Elsewhere in Florida, counties are using the website Eventbrite, often used for booking concert tickets, to schedule vaccine appointments. Manatee, Nassau, Collier, Sarasota, Flager and Pasco have all decided to use the website for vaccination bookings, Vox reported.
But there are also fake Eventbrite accounts popping up charging people for fake coronavirus vaccine appointments, the Pinellas County health department warned.
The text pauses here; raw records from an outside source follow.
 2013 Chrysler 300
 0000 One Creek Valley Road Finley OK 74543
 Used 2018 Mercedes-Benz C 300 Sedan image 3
“The ONLY way to register at this time is by visiting our website at http://pinellas.floridahealth. gov or calling 727-824-6900,” the department tweeted. “Someone created a FAKE Eventbrite account to register for the COVID-19 vaccination. You should NOT be charged to register. Registration is FREE.”
Turner Lee also warned against rollouts that solely rely on internet access, which could alienate vulnerable communities especially given the digital divide highlighted during the course of the pandemic.
She also suggested that private-sector companies partner with states or localities to help create the systems needed as rollouts continue.
“We need this to be everyone's priority,” Turner Lee said.